A 80.000 kilómetros de Palestina. Arafat era un soñador, lo cual era una característica muy popular entre los palestinos, que sólo podían encontrar esperanza en los sueños. Incluso en los primeros tiempos, si se le exigía un compromiso, Arafat podía sentarse a hablar con los israelíes e insinuar incluso una aceptación de la división de Palestina. «Viviré aunque sea en un metro cuadrado de mi tierra», solía decir; las dimensiones geográficas no eran su fuerte. Sin embargo, si uno de los adláteres más descabellados de la OLP abochornaba a los palestinos -y al mundo- asesinando a un inocente, Arafat salía a escena para impedir una tragedia mayor, de modo que logró forjarse un prestigio gracias a los crímenes de su propia organización. Así, el asesinato a manos de palestinos de un pensionista judío minusválido, de nombre Leon Klinghoffer, a bordo del crucero secuestrado Achille Lauro en 1985, fue supuestamente eclipsado por el gesto humanitario de Arafat al conseguir la liberación de los 300 pasajeros restantes.
No obstante, fue su mayor error político -su respaldo a Saddam Hussein tras la invasión iraquí de Kuwait en 1990- el que le dio su mayor victoria, y también la más vacua. Igual que el rey Hussein de Jordania, quien también se había negado a apoyar la pax americana del presidente Bush padre, Yasser Arafat estaba lo bastante débil para firmar una paz con Israel; los acuerdos de Oslo -el tratado de paz más inestable desde el de Versalles- fueron el cebo para atraerlo. Yasser Arafat creyó que le estaban dando Palestina -un Estado, sellos, aerolíneas nacionales, prestigio, admiración, Jerusalén Este y un ejército-, pero no le estaban ofreciendo nada semejante. Muy al contrario, Oslo resultó ser una oferta de colaboración: le pedían a Arafat que patrullara Gaza y Cisjordania en nombre de Israel, igual que el general Lahd, el oficial renegado del Ejército libanés, gobernaba el pequeño feudo israelí del sur de Líbano. Su cometido no era el de representar a su pueblo, sino el de controlarlo. Por ello adoptaron los israelíes tan deprisa el mantra de «¿Puede Arafat controlar a su pueblo?».
Por supuesto, no podía. Hamas había sido una creación israelí para contrarrestar el poder de Arafat -en los tiempos en que la OLP eran los superterroristas de Oriente Medio- y éste no iba a lanzar una guerra civil en Palestina para beneficio de Israel.

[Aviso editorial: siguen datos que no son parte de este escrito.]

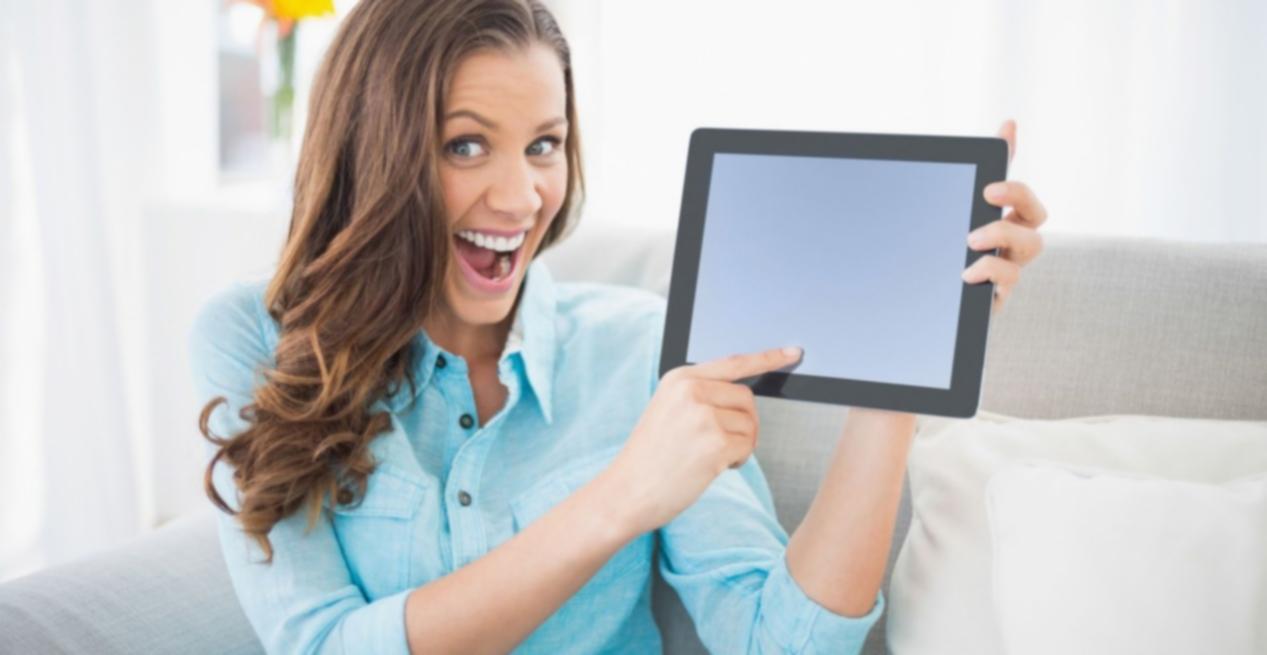 Praxisnahe Übungen zur Budgetplanung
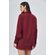 Camisa-Glamour-Feminina-Acostamento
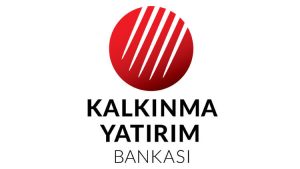 Türkiye Kalkınma ve Yatırım Bankası’nın aktifleri 204 milyar TL’ye ulaştı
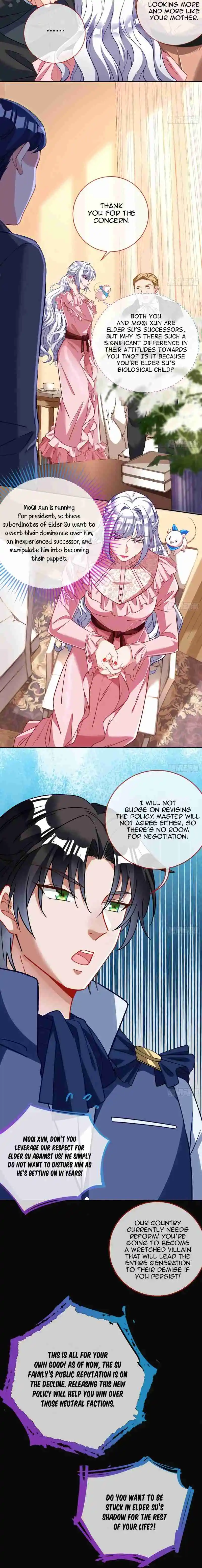 Cheating Men Must Die 375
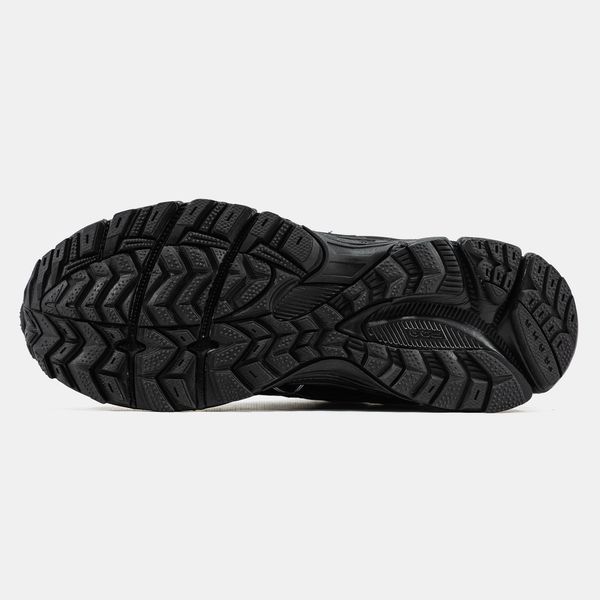 Asics Gel-Kahana 8 Black ac-25763-41 фото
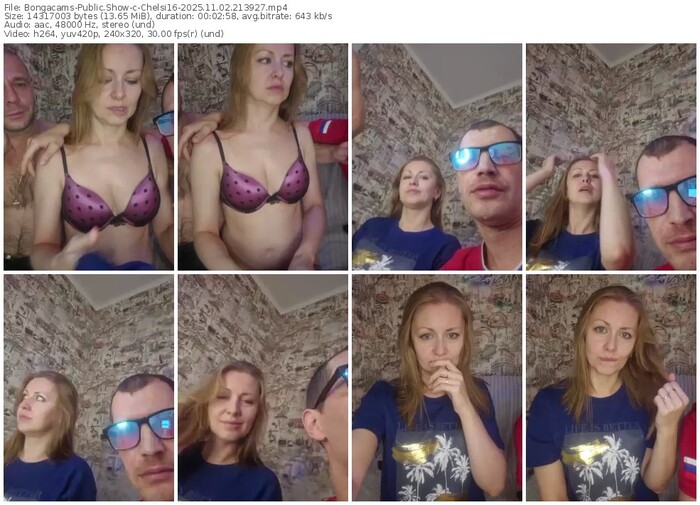 bongacams-chelsi16-11-02-2025-21-39-27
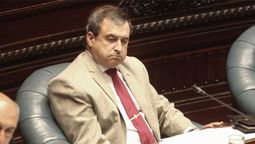 altText(Cabildo Abierto va a la carga contra los sindicatos)}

Así pues, se aferró al poder no con autoridad, sino con dinero, pagando a sus terroristas y a sus compinches, desoyendo con indulgencia a los grupos que se escindían de la OLP mientras prometía seguridad, paz, prosperidad, un Estado y todas esas cosas que Oslo no le daría.
Su lealtad a sus compinches fue parte de su fracaso. Al negarse a que palestinos más jóvenes y cultos dirigieran su red de relaciones públicas, se rodeó de portavoces incompetentes de mediana edad que proclamaban a voz en grito su indignación, pero en un inglés incomprensible (un error que no cometieron los propagandistas israelíes). Cuando Israel incumplió los acuerdos de retirada, sobre todo durante el mandato de Beniamin Netanyahu, Arafat suplicó la ayuda de Estados Unidos para cumplir con una agenda en la que no creía nadie más que él. «Eso es responsabilidad de las partes implicadas», le respondió el Departamento de Estado estadounidense, dejando así todas las decisiones a la más poderosa de las dos partes, Israel.

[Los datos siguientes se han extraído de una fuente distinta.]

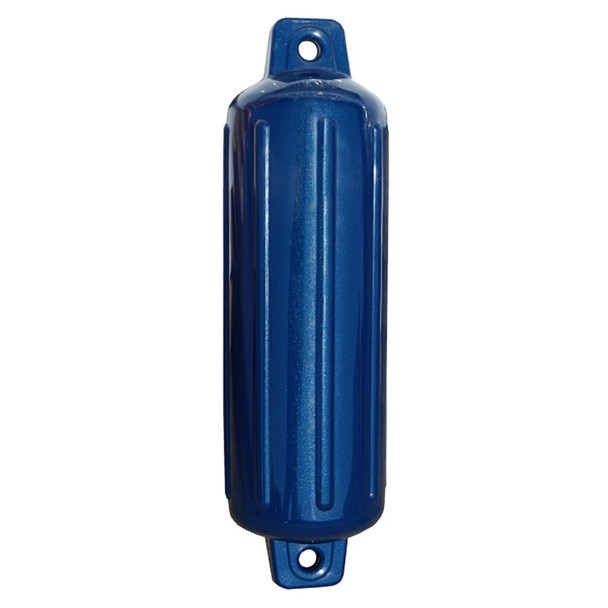 Taylor Made Storm Gard&trade; 5.5" x 20" Inflatable Vinyl Fender - 252057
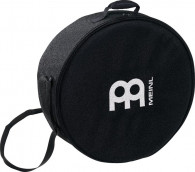 MEINL MFDB16 HOUSSE FRAME DRUM 16"X02.5"
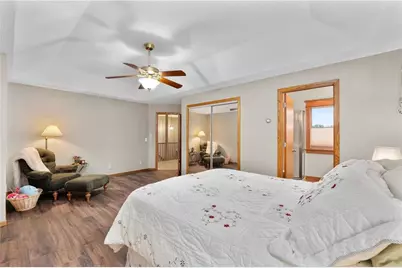 271 W Hudson Street #0, Mondovi, WI 54755 - Photo 9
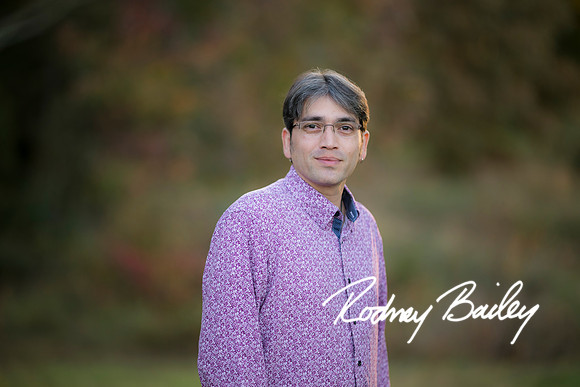 0204__Team-Photos-Rodney-Bailey-Photographers-Virginia-Maryland-Washington-DC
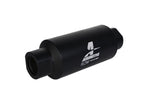 Marine 10m Microglass, Outlet ORB-10 Fuel Filter image 2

Arafat no pudo proteger a su pueblo de las incursiones militares israelíes ni de los bombardeos, y no pudo proteger a los israelíes cuando los palestinos empezaron a lanzar atentados suicidas en la sociedad de Israel. No pudo impedir la creación de asentamientos ilegales sólo para judíos en tierra árabe, y no pudo obtener ni una mínima parte de Jerusalén como capital palestina, ni un metro cuadrado en el que vivir dentro de la ciudad. No logró obtener permiso para que un solo refugiado palestino regresara a vivir en el hogar del que expulsaron a su familia en 1948. No pudo defender sus propias fronteras nacionales. No le permitieron controlar su propio aeropuerto. Al final sólo logró abandonar el edificio en ruinas en que vivía comenzando el largo proceso de su fallecimiento.
Igual que tantos otros líderes árabes, Arafat gobernó con los sentimientos más que con la razón -George Bush, hijo, es su equivalente más cercano con su guerra contra Iraq-, y eso lo llevó a arrebatos de retórica que eran tanto una panacea para su pueblo como un insulto para su elite culta. A Edward Said, el más brillante de los eruditos palestinos, lo sacaban de quicio los perfectos disparates de Arafat, así como su gobierno vano y dictatorial (Arafat prohibió los libros de Said y los palestinos que querían leerlos tenían que comprarlos en Israel).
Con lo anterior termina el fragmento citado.